Despite skepticism among analysts about the long-term effects of Obamacare repeal on hospital finances, shares of hospital stocks rose Thursday on the release of Senate Republicans' draft of legislation to repeal and replace the Affordable Care Act.

Quorum Health Corp. (QHC) - Get Report shares were up 8.56%, or 35 cents to $ 4.44; HCA Healthcare Inc. (HCA) - Get Report rose 3.77%, or $3.17 to $ 87.22; Community Health Systems (CYH) - Get Report  rose 3.85%, or 34 cents, to $ 9.16; Tenet Healthcare Corp. (THC) - Get Report  was up 2.26%, or 40 cents, to $ 18.08; and LifePoint Health Inc. (LPNT)  was up 2%, or $1.30, to $ 66.15.

Enactment of the Senate plan would cause a rise in the uninsured and end Medicaid expansion in 2024, which is better for hospitals than the House bill's 2120 phase out but nevertheless a negative.

Sheryl Skolnick of Mizuho Securities in a note after the draft was released agreed that hospitals stocks should up on the near term news but warned that the long-term outlooks for the sector is even worse under the Senate bill than in the one the House passed in May. "Medicaid goes away, albeit a bit more slowly, starting in 2021 versus 2020, and cuts hit hardest in 7 years from now instead of 3."
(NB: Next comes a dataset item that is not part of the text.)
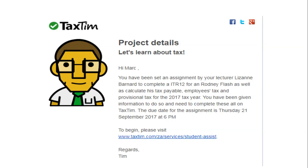Hi everyone and welcome to your Tax Tim assignment for 2017. You've been asked to do a Tax Tim project which is a tax project encompassing an ITR 12 income tax return and a taxable income calculation. You will be given documents in order to do this project. The aim of this project is to identify how to do a tax return and work out your taxable income calculation for a taxpayer.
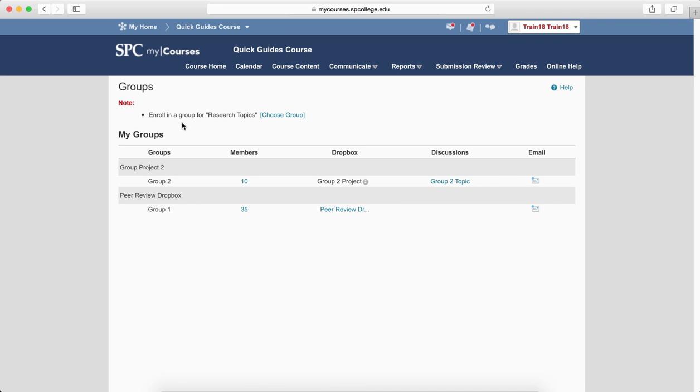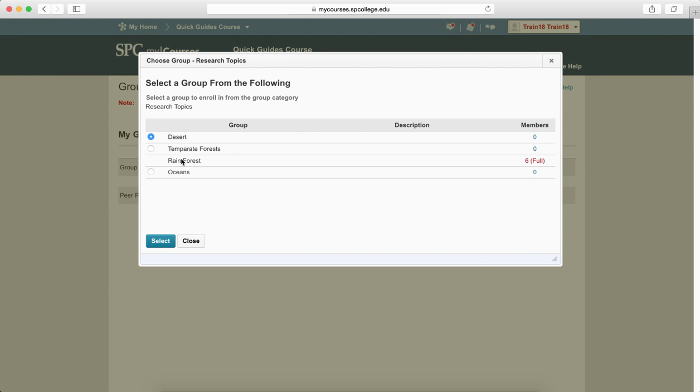So in our particular case, we made six students being able to choose a particular group. So when I click the Choose Group, you'll notice that the Rainforest Wand now is full and it will tell them that, and they can no longer choose that particular item or that particular group.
"Hospital stocks are up on this news today," she said. "They should be, in our view, as the near term risks would be abated if the subsidy and Medicaid provisions hold through Senate and House negotiations."

Over time, however, Medicaid cuts will be even deeper than the $800 billion the House bill cuts. "Expansion of Medicaid coverage was one of the few sources of volume growth since 2013 for the industry," she wrote. "So while the extra year of life for Medicaid helps the hospitals in the near-term, the bigger cuts over time hurt more."

The Senate's federal cuts also will lead to additional cuts by the states, she warned.  "The capped per capita scheme for future reimbursement, tied to a very low growth index, likely leads states to constrain the growth of Medicaid longer-term," Skolnick said. "That supports our negative long-term view on hospital volumes and likely will lead to higher incidence of no-pay heads in beds. Not good for our hospitals."

She said that on balance, "this is a positive near-term catalysts for hospitals. It ain't done and it's less worse, in the short run—likely less worse than even the Street expected. In the long run, we still see structural volume declines as the key risk for hospitals/benefit for health plans."

She has a buy rating on HCA Healthcare and UnitedHealth.

Skolnick warned in May that the few good parts of the House Republicans' initiative for hospitals—repeal of the health insurance industry fee and repeal of cuts to hospitals serving a disproportionate share of Medicaid patients—are "small comfort" compared to cuts in Medicaid funding, health insurance subsidies and coverage expansion.